My middle school students seem to think SketchUp a bit sexist


#1

I use SketchUp in my middle school classroom. The kids are always excited to have a chance to play with it when I introduce it to them. When they open a new project for the first time, I’ve noticed that many of the girls ask (in a very annoyed sort of way) how they can get rid of the guy that appears and how to replace it with a woman. I’ve spoken at various conferences on how to get more girls interested in STEM and particularly computer science. I know that one of the reasons they get pushed away starting at an early age is that they don’t feel welcomed into the field. I know the man is easily deleted. I know he can easily be replaced. But perhaps it would be possible for the folks at SketchUp to have the initial object on new projects be, if not a woman, then perhaps something more neutral like a dog, rather than an object that seems to say to female students, “This isn’t for you.”


#2

(Not disagreeing with you by the way) I believe it alternates between staff members at SketchUp, it was a woman on the last version I think?

Edit: It’s a woman now actually, on the default template (for SketchUp Pro, I see you are on the online version and I think that always defaults to a male).


#3

I know in the desktop application version of SketchUp the scale figure changes every year there is a new version. Im fairly certain SketchUp isn’t trying to push an agenda. It could be a cool lesson plan on making their own “face me components” to replace the current scale figure.


#4

The figure is there as a size reference. In some versions they’ve used a woman instead of a man. There’s no intention of using the figure to indicate that the program is for men only.


#5

Maybe there wouldn’t be any harm having a male and a female…


#6

@TheOnlyAaron could wear a dress…


#7

Please let your students know that we actually alternate male and female figures in our releases. Right now, the figure in our Pro version is Stacey! The next major version of SketchUp Free is likely to have a female figure!


#8

I think we’ve done OK:


#9

Just so you know I think the ladies are more aesthetically pleasing. I was wondering though, Is the group of people depicted in the image/models in SU free model prefrences dialogue an accurate representation of the SU team? What’s the canines name?


#10

Well, as for accuracy, everyone has brown eyes, apparently and what dogs are you talking about?


#11


#12

Ah… @mics_54, that is the group that is primarily responsible for getting SketchUp Free up and running! Not necessarily a fair cross-section of SketchUp as a whole, but a great group of developers, testers, product people, and management that worked hard to move SketchUp from a local application to the new web-based version.


#13

The dog is Luke, and yes, it’s part of our office culture: we’ve been using our own folks for quite some time, and new employees make their own when they start here. The only 2 who weren’t employed at SketchUp:



#14

Good old Steve, i’ve taken him from the bottom of the ocean all the way into the depths of Space!


#15

And you were both in good company!
As for the original posit, it sounds like a great opportunity for a teaching moment.


#16

It could be a good time to help them understand that they often need to look at the big picture.
In the age of the internet and instant outrage people need to learn to take a step back sometimes and gather more info before forming an opinion.
We are all too quick to condemn someone or something simply because of what someone has said about them without any proof. An accusation is all that is needed to ruin people’s lives, no longer is it innocent until proven guilty. Even when proven innocent the reputation often still sticks. Nothing ever get deleted from the internet, nor are corrections easily found if you don’t look for them.

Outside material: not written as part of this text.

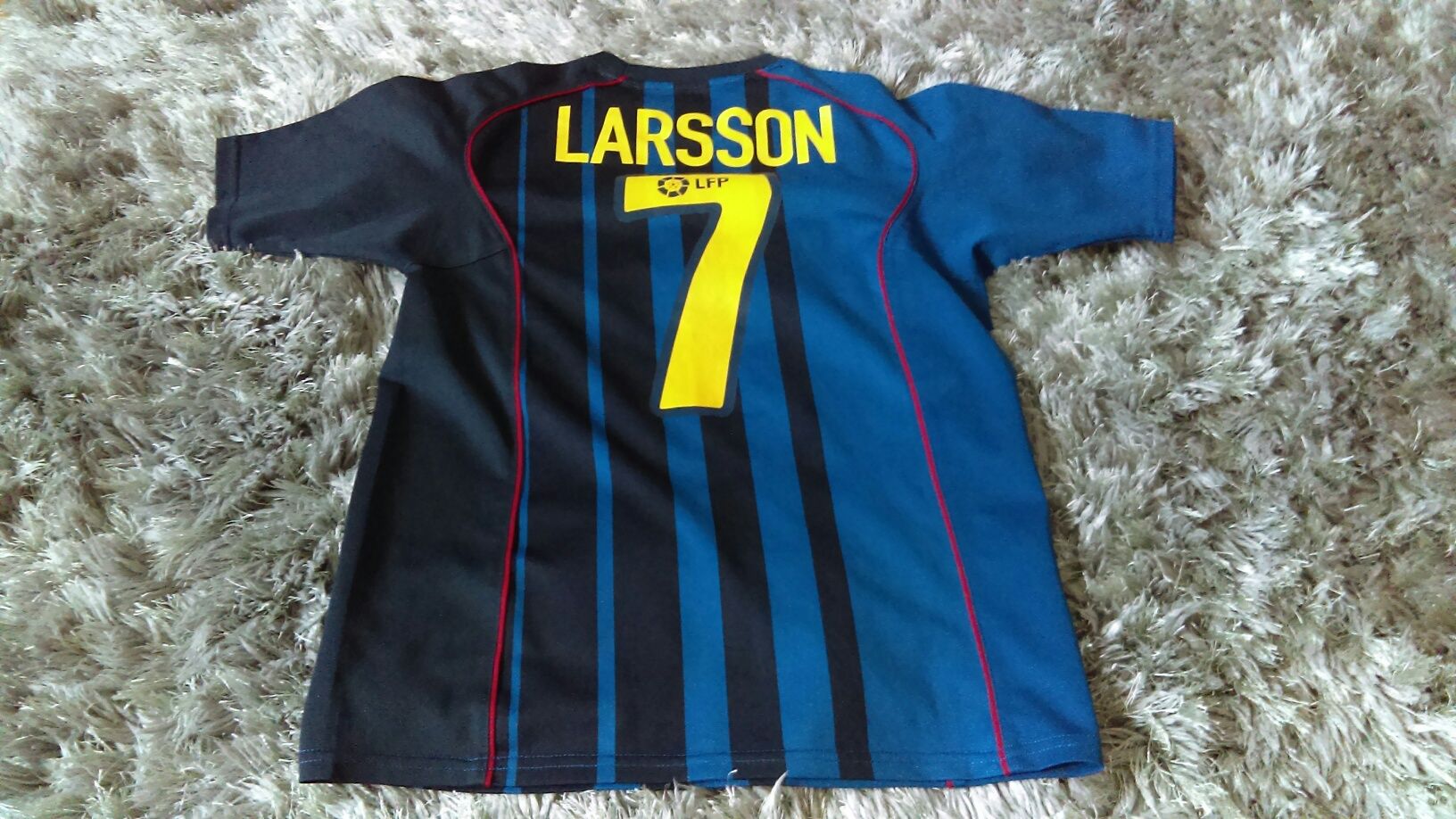 Koszulka Barcelony, 7 Larsson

Moral outrage needs to be tempered with a good understanding of all the issues involved. Knowing the battle is the only way to know which or whom to fight, fighting the wrong ones only succeeds in dampening your powder.

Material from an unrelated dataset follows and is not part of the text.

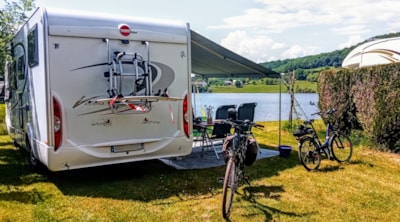 Pitch Privilège (with direct access and view to the lake))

Sometimes a scale figure is just a scale figure.


#17

Your students can choose the default person by creating a new template.

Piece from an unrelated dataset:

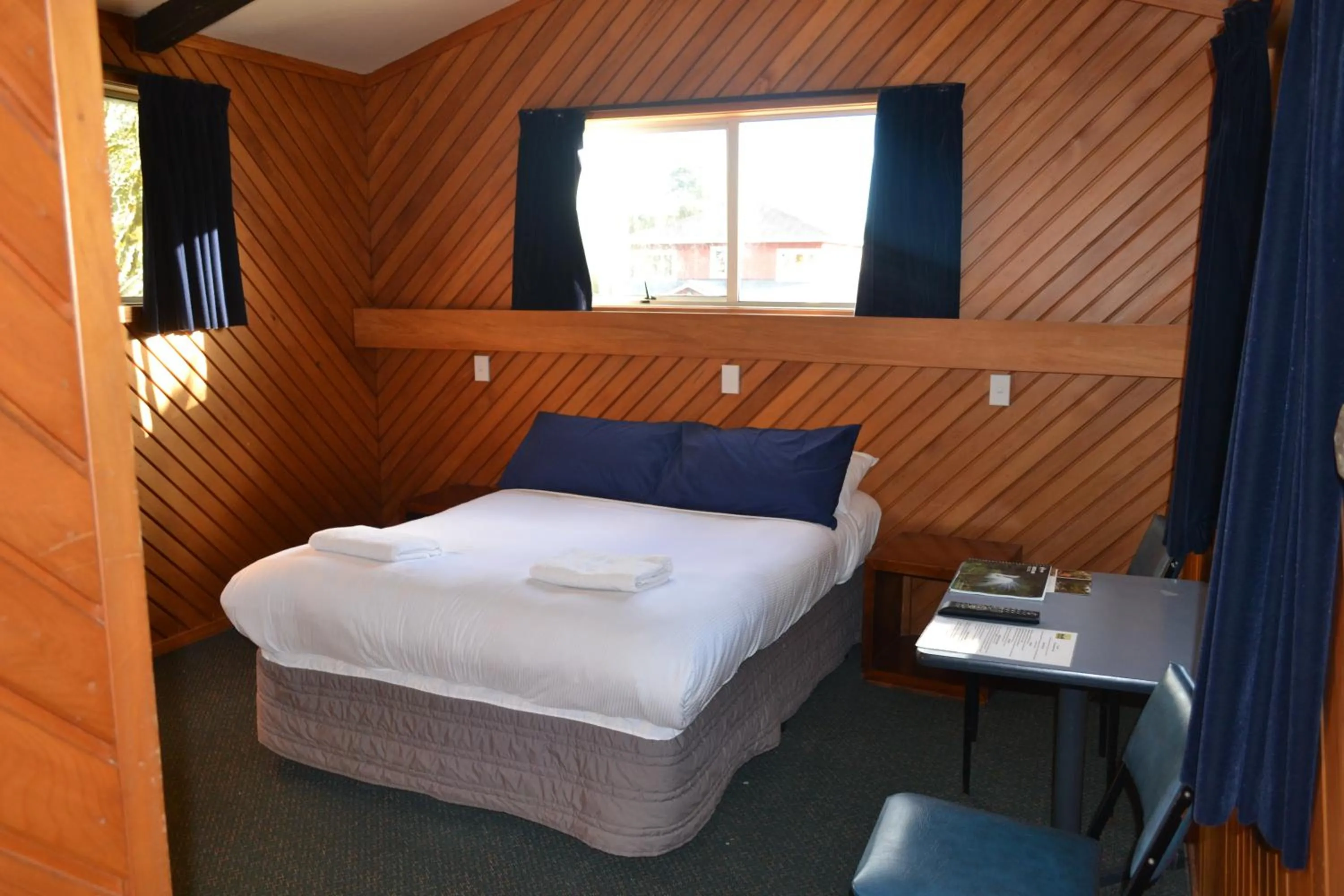 Bed in Chateau Backpackers & Motels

  1. Delete the default person & add your new default person.
    I chose a skateboarder.

  2. Save as Template
    08%20PM

  3. Name it. You can also set it as the default template.
    24%20PM

  4. To change your template, go to Sketchup > Preferences > Template & choose one. The next time you create a new drawing, the template will change to the one you selected.

Fun fact: SketchUp 2016’s default person was a woman.
59%20PM

And SketchUp 2014’s default person was a woman.
18%20PM

Disclaimer: You can only change the template in SketchUp Make (a free version) or SketchUp Pro. The template feature isn’t currently implemented into SketchUp Free.

Can you students use SketchUp Make instead?


#18

EXCEPT, … that they cannot YET. This category and the complaint is about the SketchUp Free (Web) edition, which has only 3 templates and not yet any ability to use custom templates. All 3 templates have the Josh figure and the difference is mostly the units setting.

Perhaps replace the characters with the Narnia lamppost or something inanimate and genderless of similar height. Then no one could complain, about gender at least.


#19

It’s pretty common for people to need a scale figure in their model, so I’m happy with how it is already. SketchUp is definitely not sexist.

I think it would be a great idea if SketchUp Free added a template with a woman.


#20

As a Whovian I’d much prefer a Tardis or a Dalek over an object related to another fandom!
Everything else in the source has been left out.